2. Metode Penelitian
Pendekatan penelitian yang dilakukan untuk menjawab pertanyaan penelitian tersebut yaitu kualitatif dengan menggunakan tipe studi kasus. Fokus penelitian lebih diarahkan pada upaya mengungkap bagaimana model pengukuran kinerja yang dipraktekkan di Satuan Kerja Perangkat Daerah (SKPD) pemerintah Kota Makassar serta berbagai kelemahan dari model evaluasi tersebut sehingga diupayakan merumuskan model evaluasi kinerja yang baru yang relevan tidak hanya dengan Satuan Perangkat Daerah yang ada di pemerintah Kota Makassar itu sendiri tetapi juga dengan peraturan pemerintah yang berlaku sehingga model yang didesain adaptif dengan kebutuhan pemerintah Kota Makassar.

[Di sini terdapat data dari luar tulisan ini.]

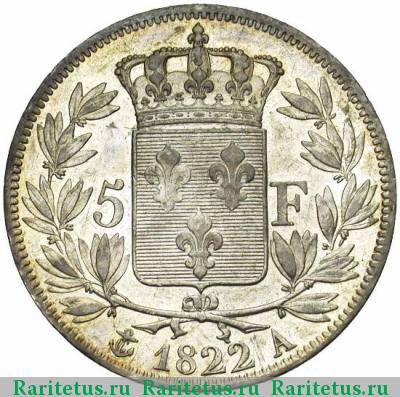 Реверс монеты 5 франков (francs) 1822 года  Франция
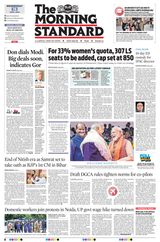 The Morning Standard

Penelitian tentang model evaluasi kinerja organisasi Satuan Kerja Perangkat Daerah pemerintah Kota Makassar Provinsi Sulawesi Selatan dirancang untuk menemukenali permasalahan ketidakefektifan sistem evaluasi kinerja pegawai yang ada selama ini, serta merumuskan modelevaluasi alternatif untuk mengatasi kelemahan model yang telah diterapkan selama ini. Fokus penelitian ini diarahkan pada model evaluasi kinerja organisasi yang berlokasi pada satuan kerja perangkat daerah yang ada di pemerintah Kota Makassar, Provinsi Sulawesi Selatan. Adapun organisasi yang menjadi unit yang dapat dianggap mewakili seluruh organisasi satuan kerja perangkat daerah yang ada di Kota Makassar yaitu diambil organisasi yang mewakili tipologi organisasi “Dinas” yaitu dipilih Dinas Tata Ruang dan Bangunan; mewakili tipologi “Badan” diwakili oleh Badan Kepegawaian Daerah; dan tiplogi yang mewakili “Kantor” dipilih Kantor Pelayanan Administrasi Perizinan. Adapun teknik pengumpulan data dilakukan dengan metode wawancara mendalam. Sedangkan teknik yang digunakan untuk menganalisis data yang diperoleh di lapangan yaitu dengan teknik analisis kualitatif dengan tahap-tahap penelitian didahului dengan studi pendahuluan, survei awal penelitian, pengumpulan data, pengolahan data dan pembahasan serta kesimpulan hasil penelitian.
3. Tinjauan Pustaka
Evaluasi kinerja merupakan bagian penting dari manajemen kinerja, dimana di dalamnya memuat rangkaian kegiatan dari mulai perencanaan kinerja, implementasi kinerja dan evaluasi kinerja. Dalam perkembangan konsep tentang kinerja, keseluruhan aktivitas tersebut selanjutnya terintegrasi ke dalam apa yang dikenal saat ini sebagai manajemen kinerja. Hal ini disebabkan ketiga aktivitas penilaian kinerja dari tahap perencanaan sampai evaluasi kinerja merupakan kegiatan yang tidak terpisahkan (Chang, R., 2011). Lebih lanjut Chang, R. (2011) menyatakan bahwa dalam siklus manajemen kinerja, ukuran kinerja memainkan peran sentral. Ukuran kinerja berperan sebagai parameter pencapaian sasaran yang telah ditetapkan. Ukuran kinerja berperan apakah sasaran yang diharapkan organisasi tercapai atau tidak akan tercapai. Pengukuran kinerja diterapkan baik pada tahap perencanaan maupun evaluasi. Manajemen kinerja menurut Amstrong dan Baron (1998) merupakan suatu pendekatan stratejik dan terintegrasi untuk menghantarkan kesuksesan kepada organisasi secara berkelanjutan dengan memperbaiki kinerja orang yang bekerja di dalamnya dan dengan mengembangkan kapabilitas tim dan kontribusi individu. Di dalam pengertian manajemen kinerja terdapat beberapa kata kunci yaitu;
1). Stratejik yang bermakna bahwa manajemen kinerja memberi perhatian pada isu-isu yang dihadapi oleh organisasi agar organisasi dapat berfungsi secara efektif terhadap lingkungannya, dan dengan arah dimana organisasi bermaksud capai untuk sasaran jangka panjang.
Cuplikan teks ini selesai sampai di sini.